I'm also re-reading Breaking the Vicious Cycle and trying to muster the drive to re-try the Specific Carbohydrate Diet (SCD). I tried it two years ago, and it helped to some degree. I stopped it before I knew that I was intolerant to dairy and eggs, so odds are it will go much better this time around, knowing that! I don't ever choose drugs first off; I always try to find another route.
Speaking of helping ourselves by making lifestyle and dietary changes, I came across this piece today, by Kurt Harris MD. I highly suggest you read it! I love his gentle but encouraging suggestion for his twelve steps: "Go as far down the list as you can in whatever time frame you can manage. The further along the list you stop, the healthier you are likely to be. Earlier steps, in my clinical experience, will give more bang for the buck."
Personally I am working on the very first step - SLEEP. Easier said than done for anyone, whether you've got a new baby at home or just love a busy life or get stuck on your to-do list so much that sleep takes a back seat!

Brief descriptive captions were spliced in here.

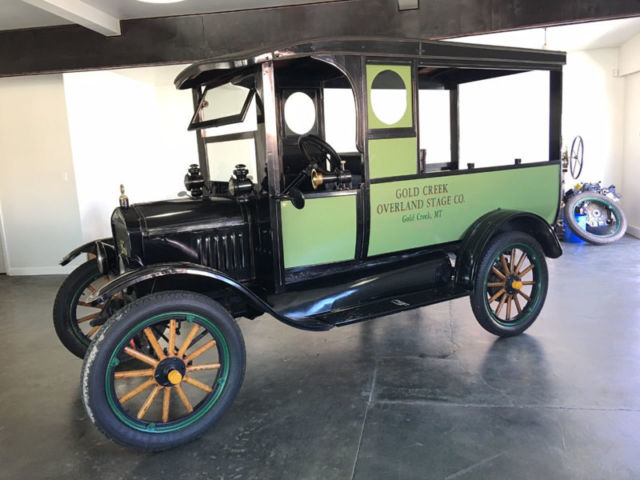 1918 Black Ford Model-T Wagon
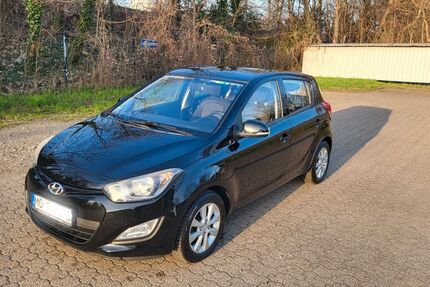 Hyundai i20 129.847 km 4.399 &euro; Moers 47443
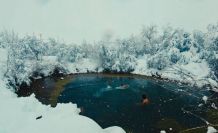 Muhteşem manzarada üç arkadaş kar yağışı altında gölette yüzdü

If you've read this far without moving on to something else, thank you! I'll wrap it up. So all the aforementioned rambling to say, I don't want to hang onto a Paleo label at the expense of reaching someone with the potential of real, nutritious food. I don't want to come across as 'another diet extremist' and scare people off. I want to keep blogging because I hope - like so many blogs I've come across in my journey - that my sharing is encouraging and helping someone out there.
But just know, whoever you are my readers, that when I say "I love eating Paleo" it's not to belong to some superior food-obsessed clique. I think that the heart of the Paleo/Primal/Ancestral/Nourishing Traditions food movement is to embrace life at its fullest by embracing the foods that God put on the earth and meant for us to eat. Real, whole, unprocessed, unrefined, colorful, rich, nourishing, hope-filled foods.
On that note, I am going to keep my "Paleo" label for recipes because it simplifies things for my own organization. I know that when I've labelled a recipe "Paleo," it does not have gluten, grains, dairy, casein, soy... the big ones. But it is not an exclusive or inclusive label, because there are several interpretations of what constitutes "Paleo."